À Bordeaux, l’arrivée de Renfe serait plutôt très bien perçue, tant les critiques à l’égard de la SNCF sont récurrentes. Élus comme usagers ne cessent de dénoncer une attrition de l’offre sur la liaison avec Paris, avec un manque de places disponibles et des tarifs élevés. Pour sa défense, la compagnie française affirme devoir s’acquitter de péages pour chaque train utilisant l’infrastructure de Lisea d’un « montant 1,6 fois plus cher en moyenne que sur les autres lignes ». Résultat : la liaison Paris-Bordeaux est « déficitaire depuis son ouverture en 2017, rappelle le P-dg de SNCF Voyageurs, Christophe Fanichet, dans un courrier aux élus régionaux. En dépit du succès de fréquentation, l’exploitation des TGV sur cette liaison a généré 87 millions d’euros de déficit en 2019 pour notre entreprise ». Pour répondre au mécontentement, l’opérateur a annoncé 20 000 places supplémentaires fin décembre. Il augmente la capacité des trains, avec des rames doublées, mais sans améliorer la fréquence de la desserte, déplore-t-on à Bordeaux. « Il nous apparaît indispensable de restaurer l’offre en semaine au niveau d’avant la crise sanitaire », soit 18,5 allers-retours par jour, réclament Alain Rousset, le président de la région Nouvelle Aquitaine, et son homologue de Bordeaux Métropole Alain Anziani. La ligne Paris-Bordeaux reste en tout cas aujourd’hui sous-exploitée : 74 trains y roulent chaque jour pour une capacité de 130 circulations quotidiennes.

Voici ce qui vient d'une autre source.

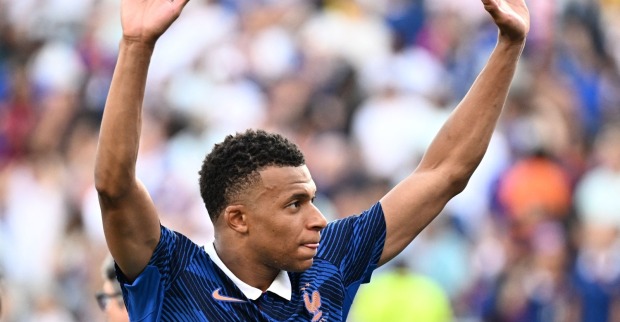 Mbappé jubelt im WM-Spiel gegen Schweden.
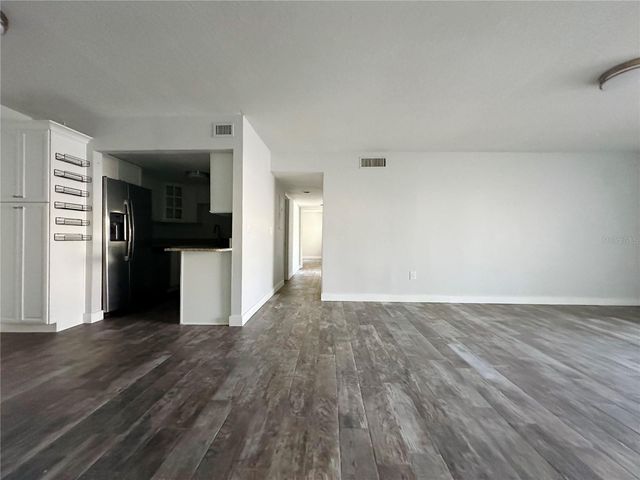 912 LAKE DESTINY ROAD D, Altamonte Springs, FL 32714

Le Sud-Ouest intéresse aussi Trenitalia. La compagnie italienne qui a rompu son alliance avec la SNCF sur les liaisons transalpines, compte en effet se déployer sur le marché français de la grande vitesse, au-delà de la liaison Paris-Lyon-Milan déjà ouverte il y a un an. En plus d’une ligne Paris-Madrid via Barcelone en projet, Roberto Rinaudo, le président de la filiale française de la compagnie ferroviaire italienne, affirmait le 14 décembre qu’il « n’exclut pas l’exploitation d’une LGV comme Paris-Bordeaux ou Paris-Lille. Nous étudions à 360° le marché français de la grande vitesse pour saisir les opportunités de lancer de nouvelles lignes ». De son côté, la start-up Le Train, créée à Angoulême en 2019, entend aussi offrir des connexions à grande vitesse dans le Grand Ouest, mais sans desservir Paris. Elle comptait lancer son service en achetant des rames de seconde main à la SNCF. Mais la présence d’amiante a empêché leur cession. Le lancement du service est reporté à 2024.